Unidentified gunmen seized 317 schoolgirls in northwest Nigeria on Friday, police said, the second such kidnapping in little over a week in a region increasingly targeted by militants.
School kidnappings, first practiced by jihadist groups Boko Haram and Islamic State West Africa Province, have become endemic around the increasingly lawless north, to the anguish of families and frustration of Nigeria’s government and armed forces.
Police in Zamfara state, where the latest attack took place, said they had begun search-and-rescue operations with the army to find the “armed bandits” who took the girls at Government Girls Science Secondary School in the town of Jangebe.
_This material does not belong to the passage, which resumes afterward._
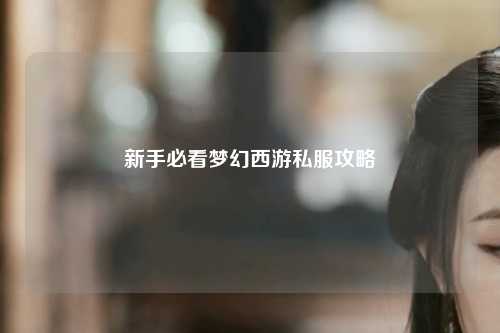 新手必看梦幻西游私服攻略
Zamfara’s information commissioner, Sulaiman Tanau Anka, told Reuters the assailants came in firing sporadically during the 1 a.m. raid. “Information available to me said they came with vehicles and moved the students, they also moved some on foot,” he said.
It was the third such kidnapping since December.
The rise in abductions is fuelled in part by sizeable government payoffs in exchange for child hostages, catalysing a broader breakdown of security in the north, officials have said, speaking on condition of anonymity.
The government regularly denies such payouts.
School abductions were first the domain of Boko Haram and Islamic State West Africa Province in the northeast, but the tactic has now been adopted by other militants in the northwest, whose agenda is unclear.
There was no immediate claim of responsibility for Friday’s raid.